The Federal Trade Commission fined Verizon US$1.35 million for an egregious breach of customer privacy and an even worse breach of trust. That fine isn't even a slap on the wrist, and it shows that the FCC's fangs need to grow to keep pace with the ever-larger size of the mega-corporations it theoretically regulates.
At issue was Verizon using so-called "supercookies," strings of identifying code the telecom can insert into Internet transmissions to track everything you do. Why? So they can sell you to advertisers and third party firms. Verizon did it for years without telling anyone, and the FCC fined the company little enough to make it just a minor cost of business.
Supercookies are undetectable and undeletable. Users have no control over them or awareness of their existence. They aren't necessary for any aspect of using the Internet other than tracking what you do, where you go, what you buy, what you read, what you see, and what you hear—for the profit of the company you are already paying.
Verizon did this in secret from 2012 to 2014, when the practice came out. Under pressure from the U.S. Senate, Verizon graciously allowed customers to opt-out in 2015. According to Reuters, under the terms of the settlement with the FCC, Verizon must allow customers to opt-in to have their information sold to third parties, but those cusomters still have to opt-out to keep Verizon from plundering them for a little extra scratch above and beyond their monthly fees.

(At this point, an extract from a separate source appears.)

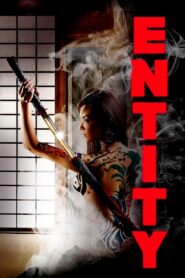 Entity 2015 one on netflix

"Consumers care about privacy and should have a say in how their personal information is used, especially when it comes to who knows what they’re doing online," FCC Enforcement said in a statement, apparently pretending that this settlement does anything at all to enforce...well...anything.

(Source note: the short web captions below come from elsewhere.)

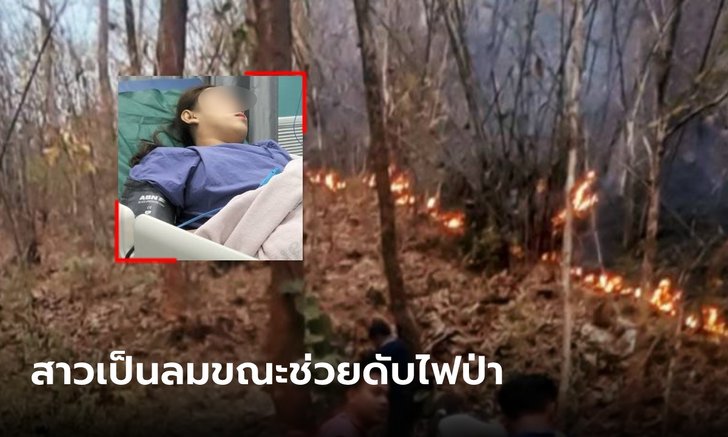 ระทึก ชาวบ้านร่วมดับไฟป่า จู่ๆ สาวเป็นลมล้มพับ ต้องรีบนำส่งโรงพยาบาล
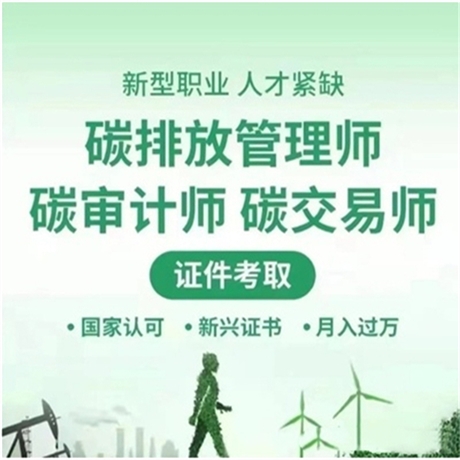 關(guān)于2022年碳排放管理師報(bào)名方式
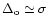 $\Delta_{{\rm o}}\simeq \sigma$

I'm sick of companies trading me. I'm sick of companies treating privacy as a minor inconvenience requiring a little workaround to bypass. Google, Facebook, Twitter, and so many other companies built their entire business model on making us their product, but what makes Verizon's actions that extra bit of offensive is that they charge customers money for the privilege of being sold behind their backs.
And the FCC fined them $1.35 million? It's absurd.
In a statement, U.S. Senator Bill Nelson (D-FL) told Reuters the settlement announced by the FCC was "a win for consumers that will hopefully make companies think twice before engaging in practices that violate consumer privacy."
Only it won't. Verizon still gets to spy on its customers and profit off what it learns unless those customers opt-out; and the amount of the fine will be weighed as a cost of doing business the next time Verizon finds a new way to violate our trust for profit.
It's time for the FCC to get serious about this and other topics related to our privacy.
You can theoretically opt out of Verizon's tracking through the company's privacy website.